[[ INPUT DATA, beginning ]]

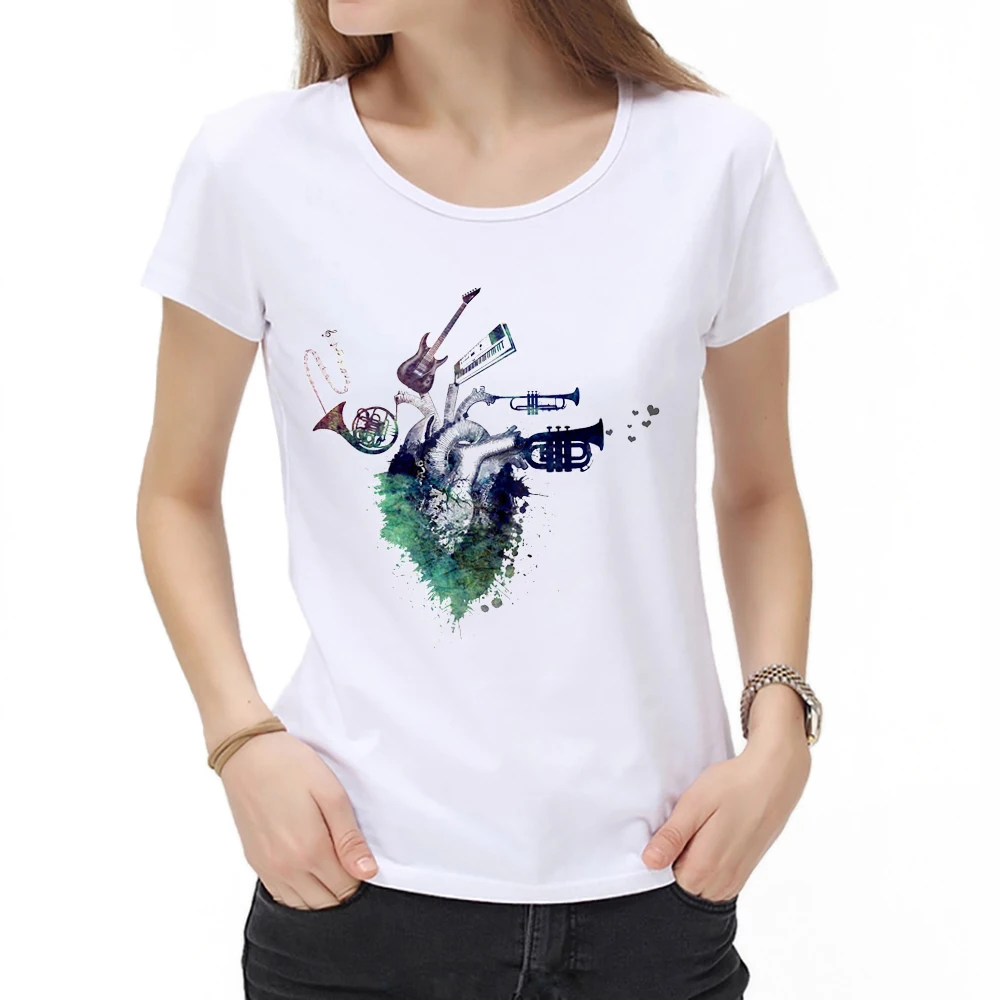 

Women's White T-shirt Fashion Kawaii Harajuku I love music Heart Classic Graphic T Shirts Summer Short Sleeve Female Tops Casual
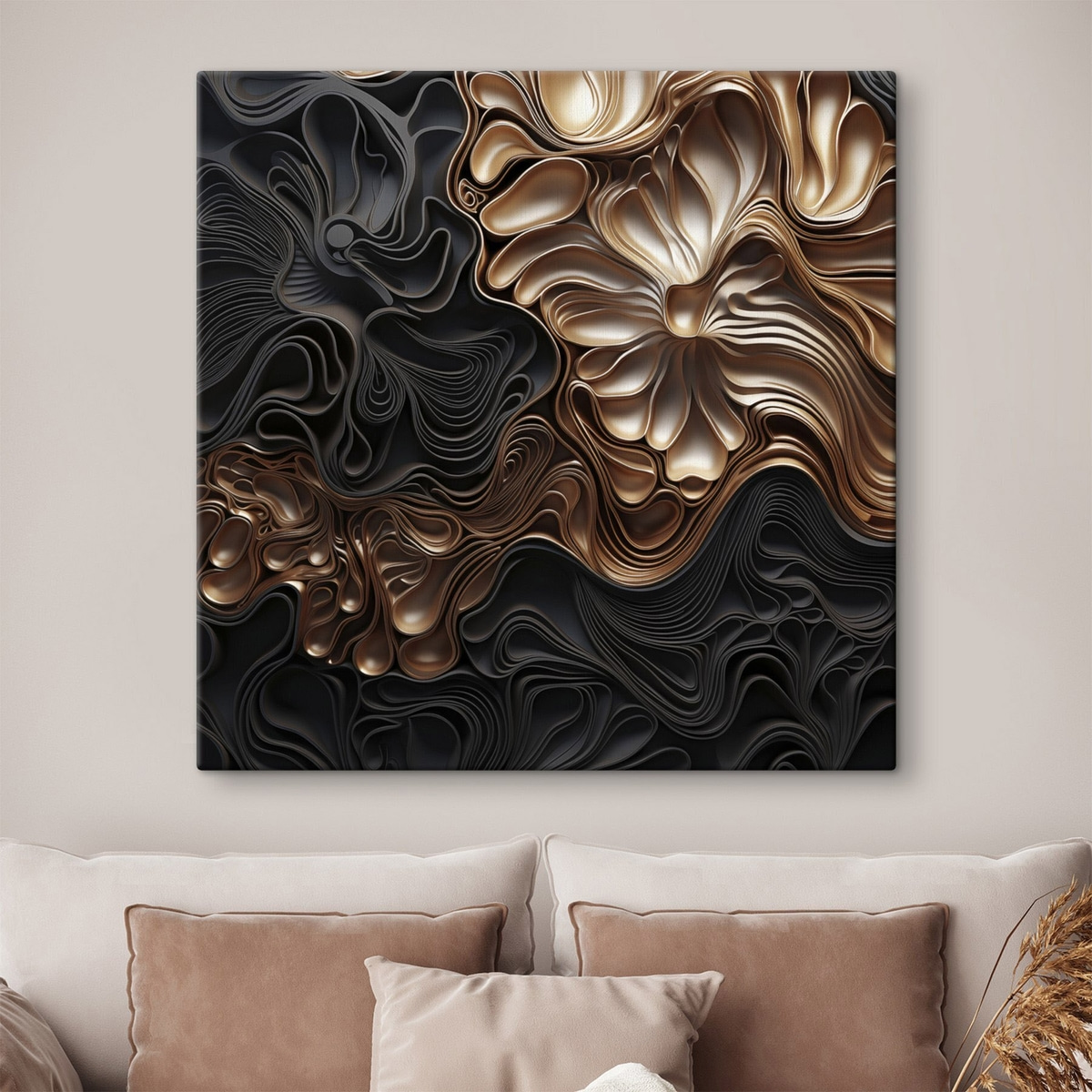 Abstracte, vloeiende, organische donkere vormen die een moderne kunst met textuur vormen — interieur 1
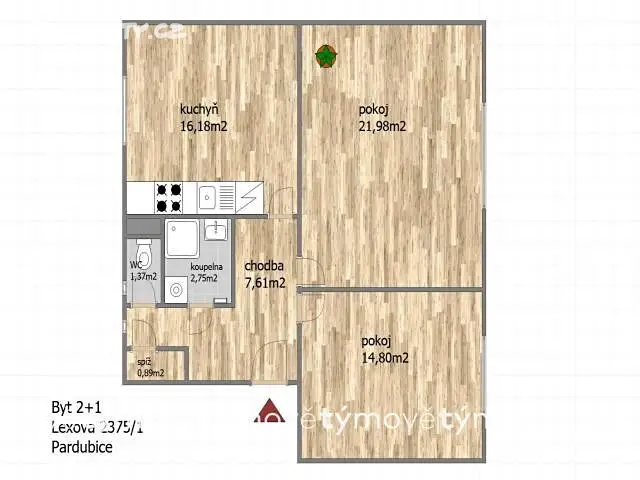 Pronájem bytu 3+kk 71 m², Lexova, Pardubice - Zelené Předměstí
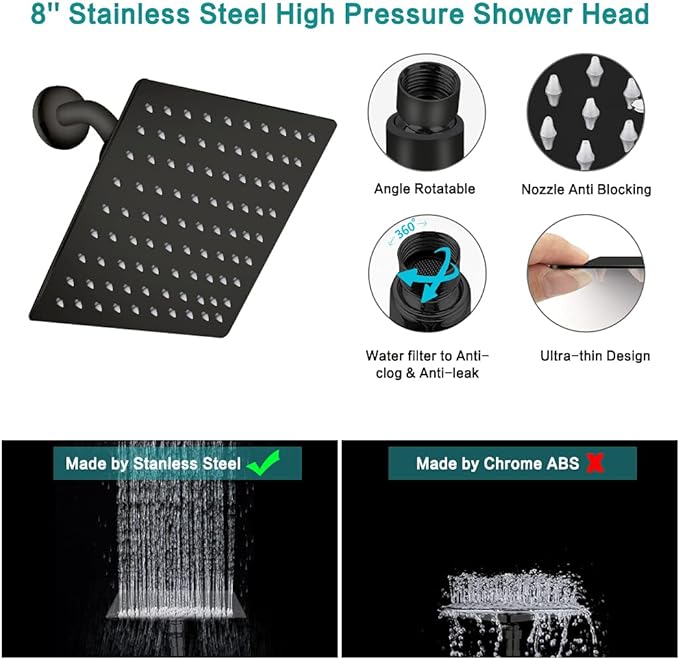 Shower Head 10‘’ High Pressure Rainfall Shower Head/Handheld Shower Combo with 11'' Extension Arm, 9 Settings Anti-leak Head with Holder, Height/Angle Adjustable, Chrome, Matte Black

[[ INPUT DATA, end ]]

Give back the whole listing as it stands, minus its pictures.

Women's White T-shirt Fashion Kawaii Harajuku I love music Heart Classic Graphic T Shirts Summer Short Sleeve Female Tops Casual
 Abstracte, vloeiende, organische donkere vormen die een moderne kunst met textuur vormen — interieur 1
 Pronájem bytu 3+kk 71 m², Lexova, Pardubice - Zelené Předměstí
 Shower Head 10‘’ High Pressure Rainfall Shower Head/Handheld Shower Combo with 11'' Extension Arm, 9 Settings Anti-leak Head with Holder, Height/Angle Adjustable, Chrome, Matte Black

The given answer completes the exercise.